El largo entreacto que nos han dado puede que haya tenido consecuencias negativas en algunos campos, pero al menos ha servido para algo: para saber casi todo de cada uno de los que aspiran a gobernarnos. Tanto andar por los telediarios, las tertulias y las redes sociales, tanto hablar a todas horas sin coto ni medida, tanto colarse en cualquier programa -excepción hecha de los culturales-, tanto estar presente en nuestras vidas, que ya nos conocemos todos como si fuéramos vecinos de un patio de vecindad. Va a pasar mucho tiempo antes de que alguno de estos pueda sorprendernos con algo suyo.

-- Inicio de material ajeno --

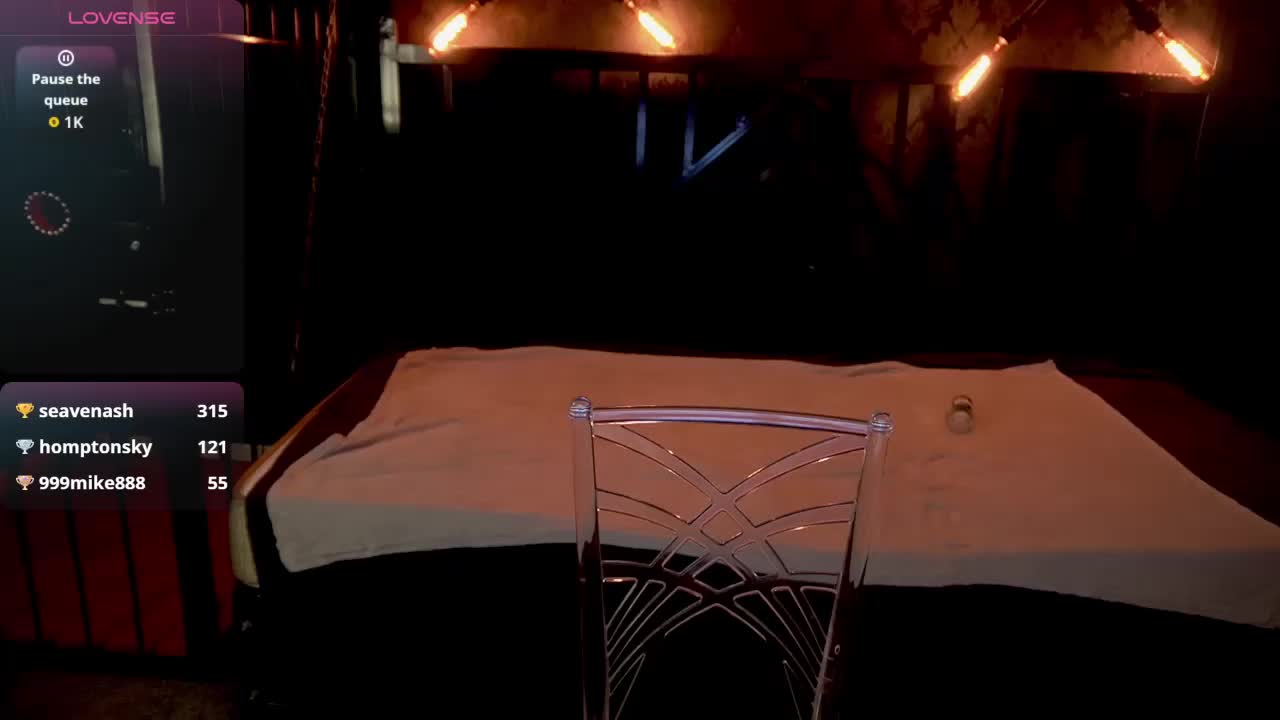 DanielaReign Live Sex February 2, 2026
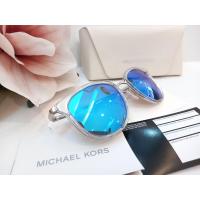 ราคา แว่นกันแดดผู้หญิง ยี่ห้อ Michael Kors รุ่นMK1010 110525 (8113698918)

El ejercicio intensivo de este tiempo ha servido también para traernos un aprendizaje político que nos permite acotar observaciones con más nitidez que nunca. Por ejemplo, sobre las apariencias externas. En la época de la imagen, resulta que ya no cuentan tanto. Hubo dos casos opuestos de candidatos que hicieron de su aspecto uno de sus mayores activos: uno guapo y apolíneo, a quien su apostura parece que no le sirvió de mucho para añadir votos, y otro de pinta desastrada y escaso sentido del buen gusto, al que eso tampoco le quitó ninguno. Y están también las palabras. La más oída, repetida por alguno de los aspirantes hasta privarla de virtualidad, fue cambio. Sugerente, pegadiza, promisoria, pero vacía. Nada en sí misma. El cambio es una abstracción carente de contenido evaluable; necesita complementos para situarla en un plano de análisis cualitativo. Se cambia hacia una situación distinta, que no implica que haya de ser mejor. Es una de esas palabras elegidas a propósito para funcionar como eslogan efectivo ante los electores acríticos. Y luego están las promesas. Son los ingredientes clásicos de cualquier tiempo electoral, siempre con su capacidad de atracción y su mensaje de esperanza, siempre efectivas porque necesitamos oírlas y siempre dejándonos la inevitable sensación de que bajo su hermosa capa de colores se esconde la certeza de su incumplimiento. Aunque ahora también hemos aprendido que quizá eso no sea tan malo, viendo que algunas nos llevarían a convertirnos en Venezuela.
Imagen, frases, promesas. A ver cuántos añaden una decidida actitud de buscar más el interés común que el de su partido.